Embedding business and management education in its larger context is an important way to ensure that students perceive the necessity of engaging multiple disciplines and develop the skills required to successfully apply knowledge. Historically, some business schools have attempted to do this through the case study method. Increasingly, innovative business schools are complementing the case method with action learning projects and in this sense are following the lead of medical schools, and also engineering schools that require field-based, engineering capstone projects.

Through learning and skills development that is conducted within a context selected both for its potential learning value and for its potentially positive impact on the problem being addressed, the role and purpose of business, the state of the planet, and awareness of existing and emerging societal issues is dramatically enhanced.

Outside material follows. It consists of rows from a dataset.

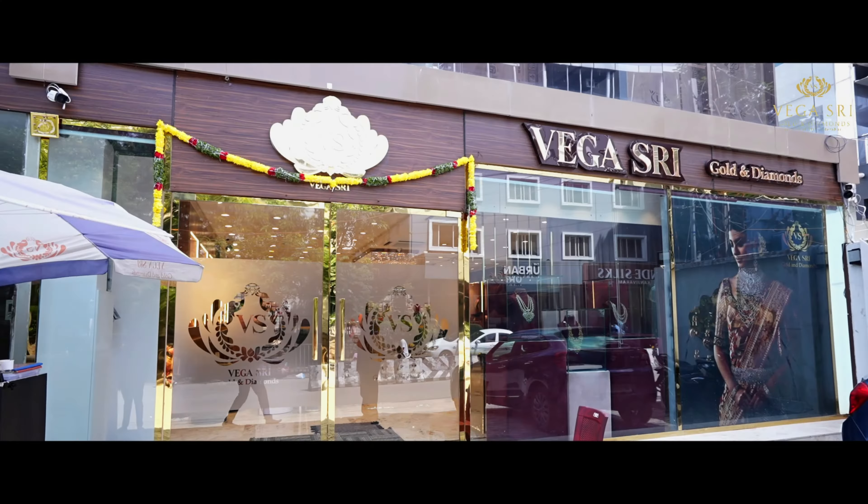We have a look at the design, the embossed work, and also the color design. We have a look at the diamond and pearl hanging as well as the embossed work.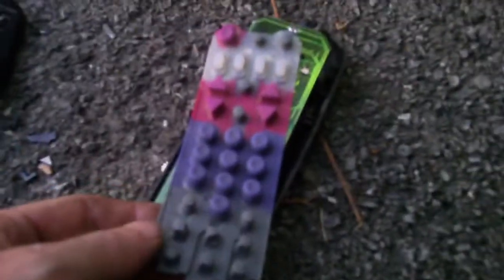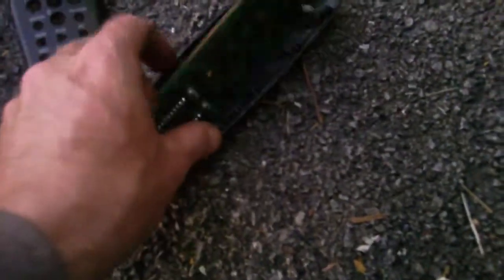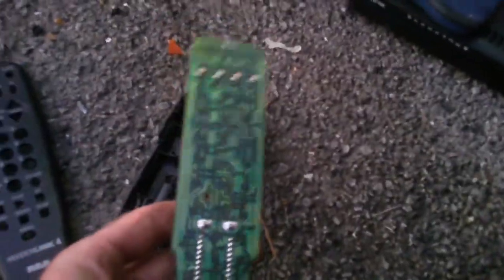Let's smash this baby open as best as I can, and position this — we're gonna see what's inside. Not built very well. We open it up, look at the rubber compartments.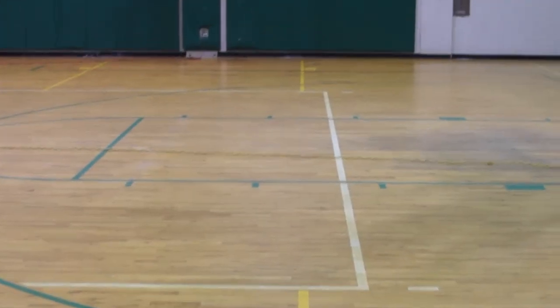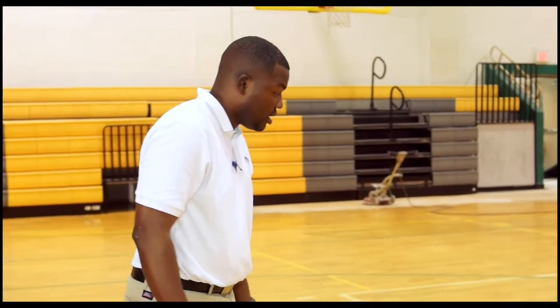These floors pretty much right now need a deep sanding. But due to budget constraints, we have to do a refinishing project to try to restore what's already here.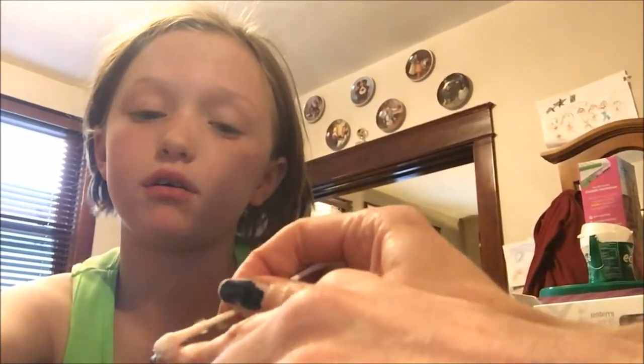As you can see, she's lightly taking it off with the nail polish remover. She's also using a q-tip and an orange stick — that's what they're called. Orange sticks, even though they're not actually orange. It's really cool.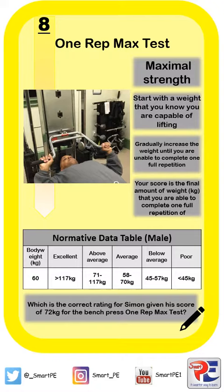Below we have a normative data table and a question: what is the correct rating for Simon given his score of 72 for the bench press one rep max test? We're looking to analyse the data and work out where 72 would fall. We know it's not less than 45, less than 57, or greater than 117, so through looking at the table we can work out that Simon's score would be average.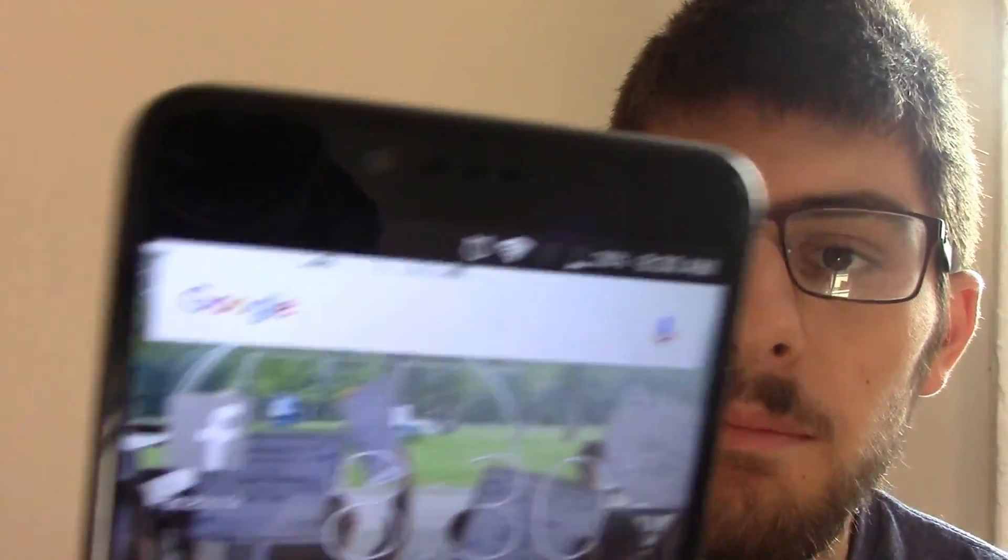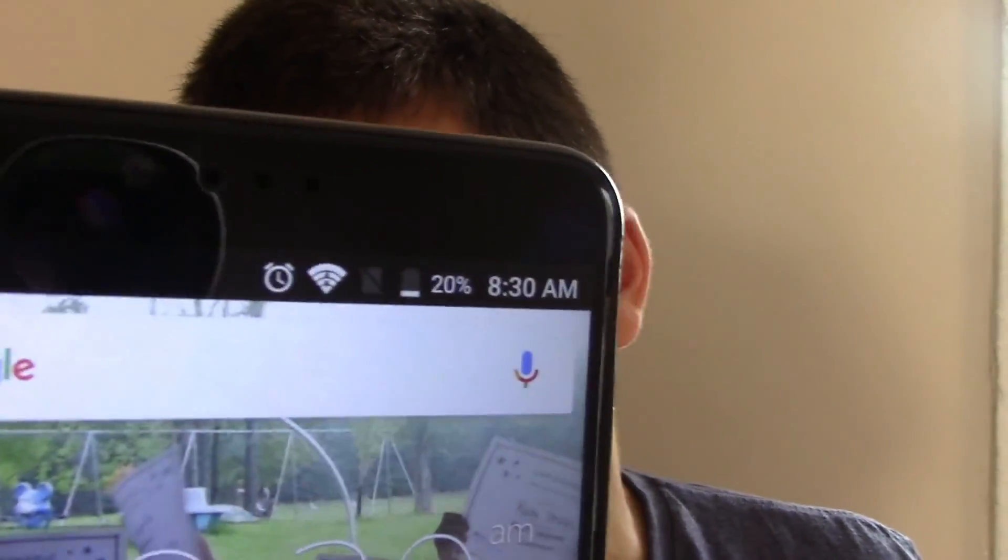It doesn't say much. It just shows a little logo up there that says no SIM — it doesn't show anything much other than a no SIM logo. So if you like this video, please rate, comment, and give it a thumbs up.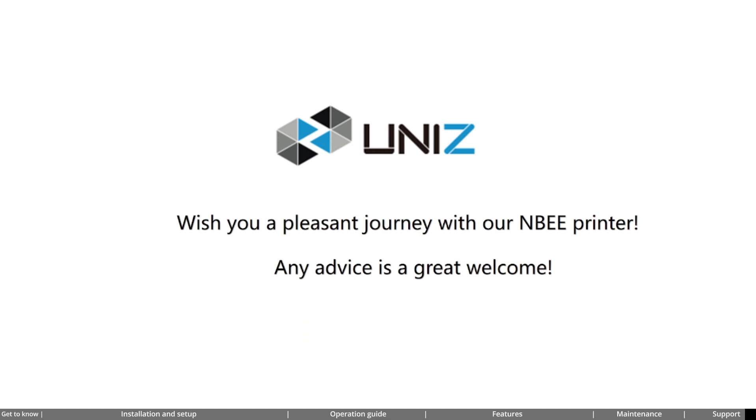Thank you all for watching our training video. We hope you found valuable information and insights from it. If you have any questions or would like further information, please feel free to reach out to us — we are here to assist and support you. Thank you for watching, and we look forward to seeing you in the next video.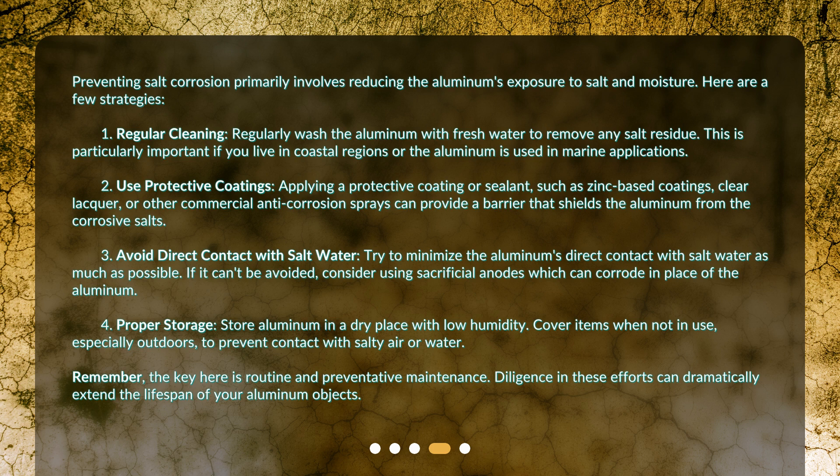Second, use protective coatings. Applying a protective coating or sealant, such as zinc-based coatings, clear lacquer, or other commercial anti-corrosion sprays, can provide a barrier that shields the aluminum from corrosive salts. Third, avoid direct contact with salt water. Try to minimize the aluminum's direct contact with salt water as much as possible. If it can't be avoided, consider using sacrificial anodes, which can corrode in place of the aluminum.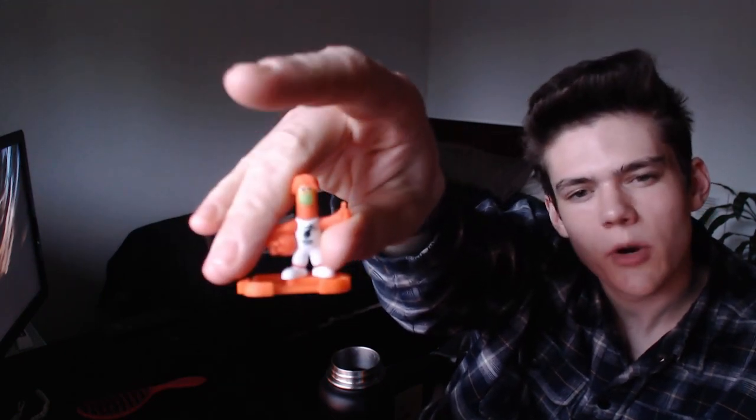Look at this little guy. My parents got me this Kinder egg and it's got this like interesting pudding in it, and there was a little guy in it. So that was cool.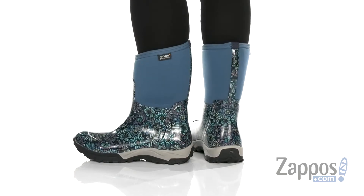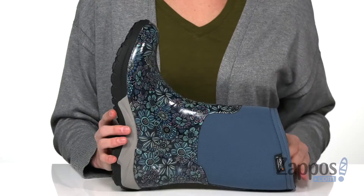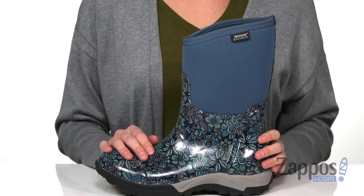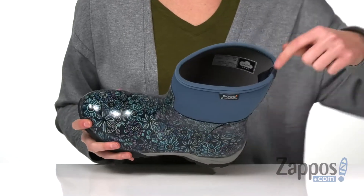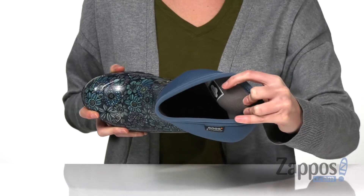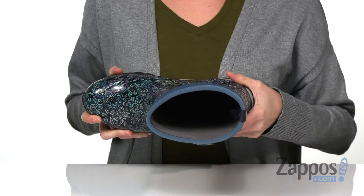These gardening boots have a waterproof upper with a retro inspired floral design. A mid-high silhouette will keep your feet dry and protected even in the thickest of weeds. Slip these on easily with the help of a hidden back pull tab. The inside has a soft textile lining with Maxwick technology to keep your feet dry.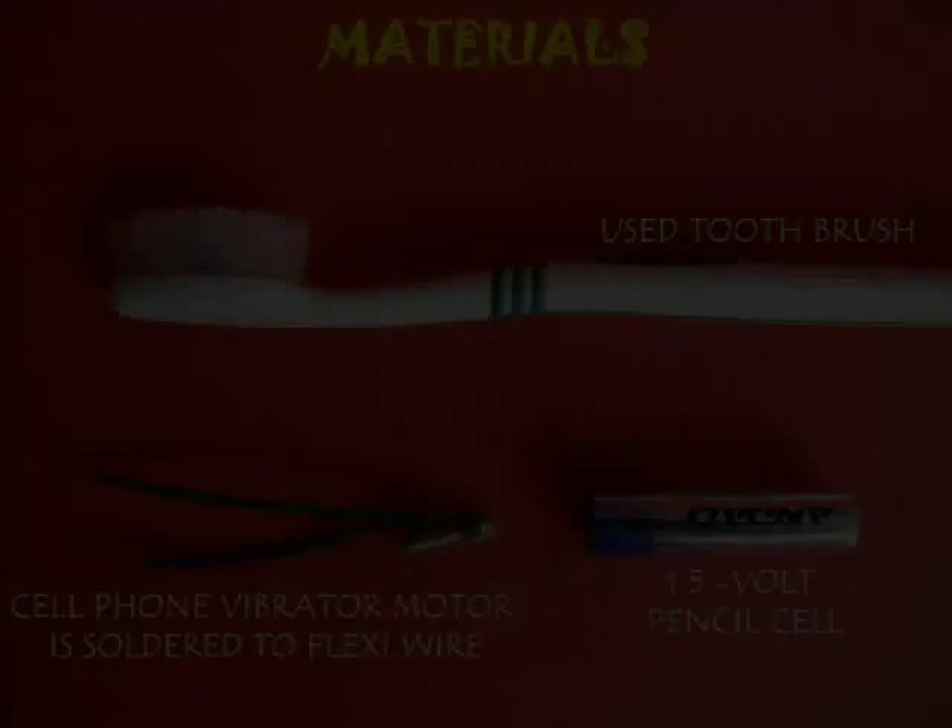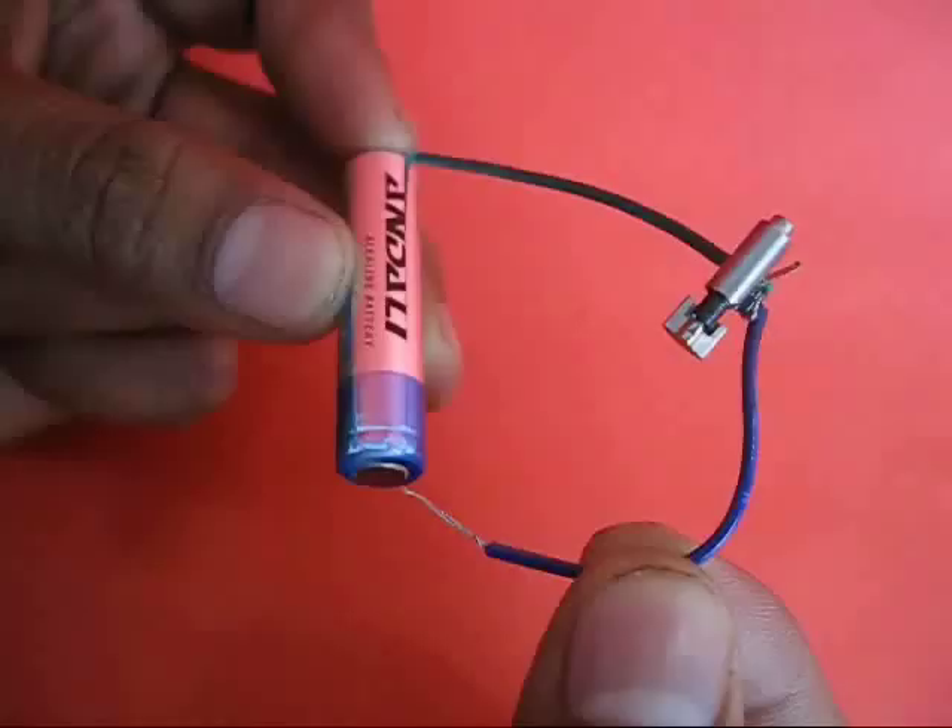Salvage the vibrator motor of an old throwaway mobile and make a great toy. You need an old toothbrush and a small pencil cell. If you attach the leads of the vibrator to a small pencil cell, it would start to vibrate. Now fix it to the battery with a rubber band.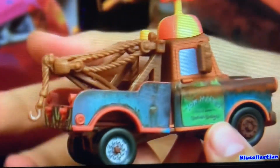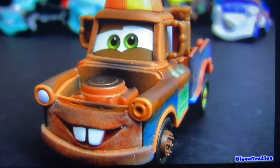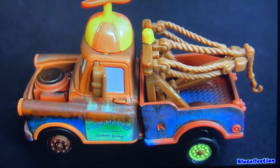Mater is a diecast measuring three and a quarter inches long, but the hat is made of plastic and it does not come off. His facial expression is different from other cars, and he's all custom painted. There's not a single sticker in this car.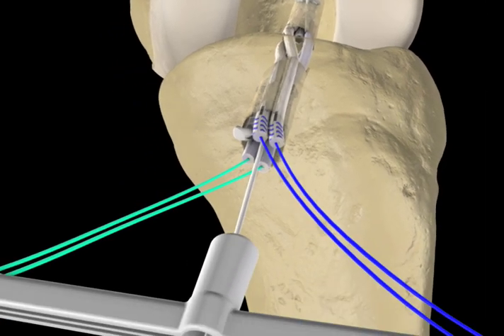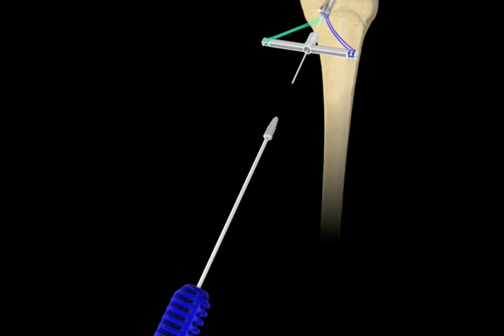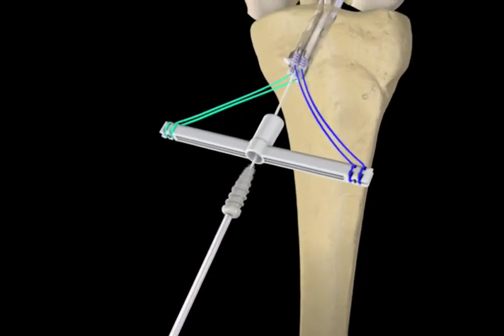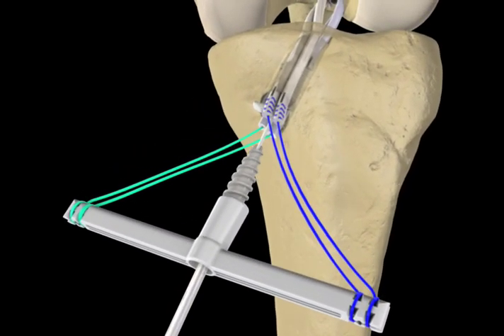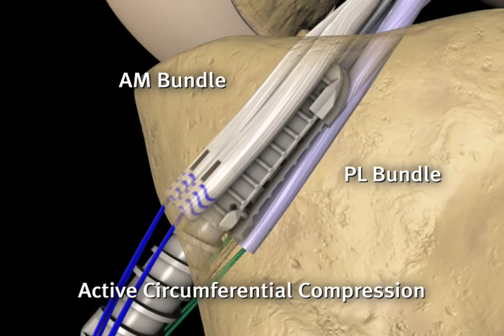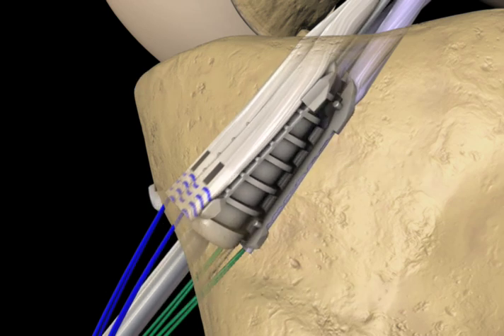Next, the sheath holder is removed from the inserter and the tibial screw is loaded onto the inserter. The tibial screw and inserter are loaded over the guide wire through the tendon expander until the tip of the tibial screw engages the tibial sheaths. The inserter is then turned clockwise between the two-part sheaths to deploy the tibial implant, providing circumferential compression of the graft.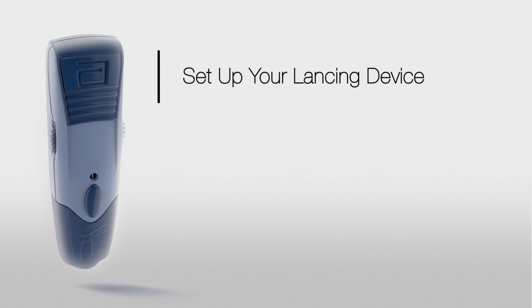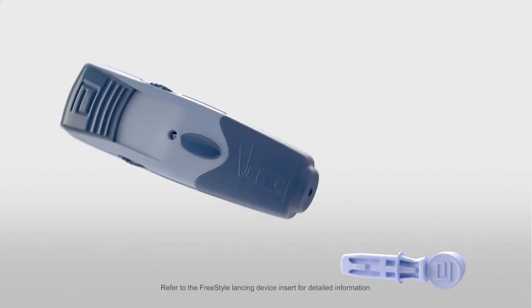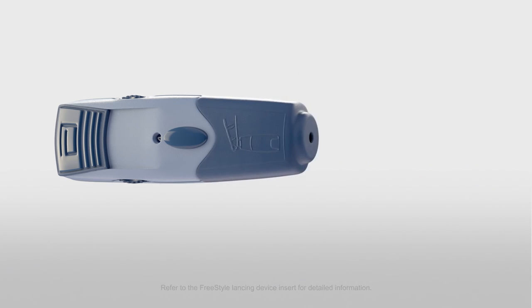Next, let's set up your lancing device. To use a new lancing device, just snap off the cap and insert the lancet into the holder cup on the lancing device. Twist off the rounded top and replace the cap.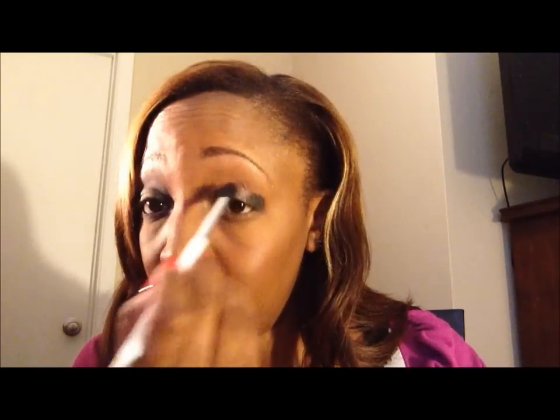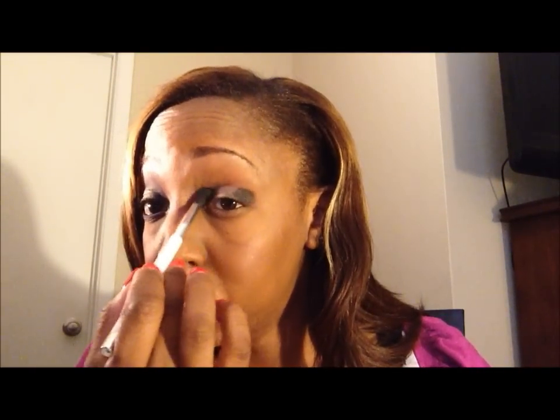Next, grab a blending brush. You don't need high-priced brushes — this is a Sonia Kashuk brush from Target. You can also get one from ELF, also at Target, for three dollars. These are great brushes. I'm using the Sonia Kashuk because it's a little fluffier. Blend in the crease, connecting the dark outer part with the center color, using the windshield wiper motion back and forth.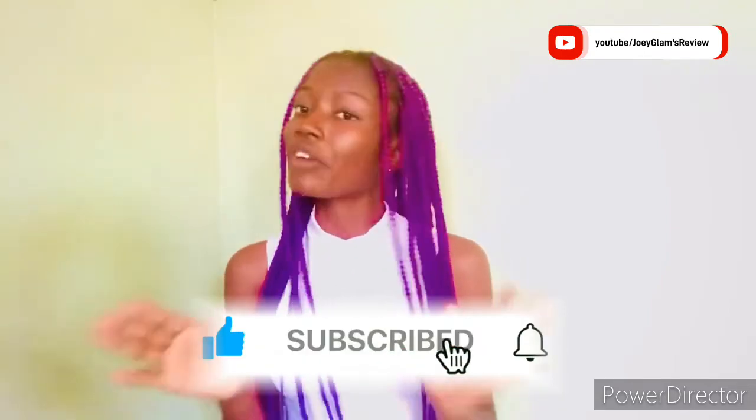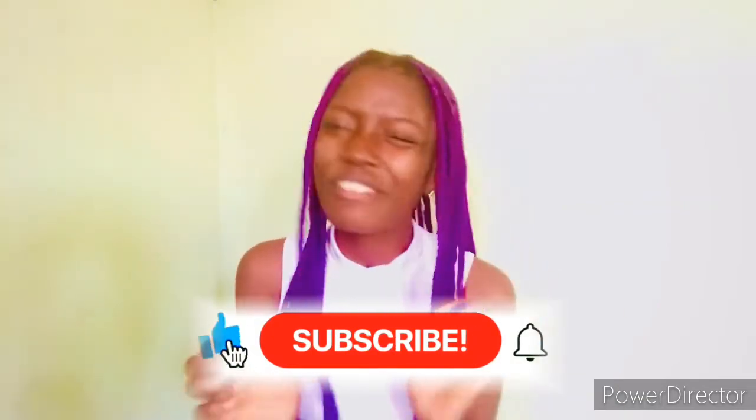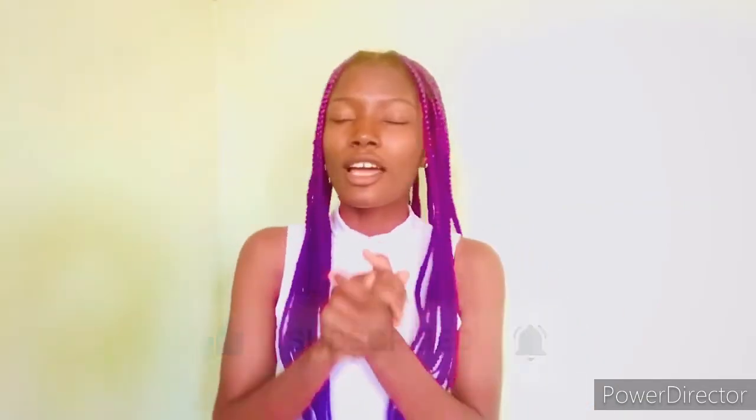If you've used it before, let me know. If you haven't used it before, go try it and see how well it works. Thank you so much for watching. Please hit the subscribe button — it's very important. I'll see you guys in my next video.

Teaching disciplines in isolation may be an efficient way to transfer knowledge, but it misses the opportunity to develop in students and participants deep understanding of when and how to apply knowledge, and the skill to do so effectively.  Disciplinary expertise is a necessary but insufficient condition for success. It must be complemented by deep understanding and leadership skills if students are going to develop the competencies required to solve complex multi-disciplinary problems.

Issue-centered learning is organized around existing and emerging societal and environmental global issues (i.e. water, health, poverty, climate, pollution, migration, energy, renewable resources) on a global and local scale and ensures that students develop the following characteristics, skills and competencies that complements the functional knowledge they learn and enables them to become leaders for a sustainable future:

  • A global, holistic, long-term and visionary perspective
  • Clarity, focus and intensity of commitment
  • Highly motivated to do good; to do the right thing (ethical thinking translated into action)
  • Highly evolved capacity for creative, critical, holistic, ethical and systemic thinking and decision-making
  • Ability to navigate through uncertainty, ambiguity, setbacks, challenges and problems
  • Action and results oriented. Self-starter with a high need for achievement.
  • Patient (with respect to staying the course) AND Impatient (with respect to being driven to achieve results as fast as possible)
  • Highly skilled in learning by doing; adapting; making and learning from mistakes quickly and inexpensively
  • Integrative; skilled at boundary spanning
  • Skillful in figuring out root causes; determining critical success factors; and focusing on what is most important

An issue-centered education integrates disciplinary knowledge (finance, marketing, strategy, HR) when appropriate in the learning journey of attempting to resolving a specific issue (water, migration, climate change, poverty, etc.).  Conventional wisdom is challenges by uncovering underlying assumptions of the dominant discourse – in any domain. We need to develop innovators who will question the status-quo and challenge current assumptions. Issues-centered learning is critical for ensuring that graduates are able to embrace the larger context within which their organizations operate.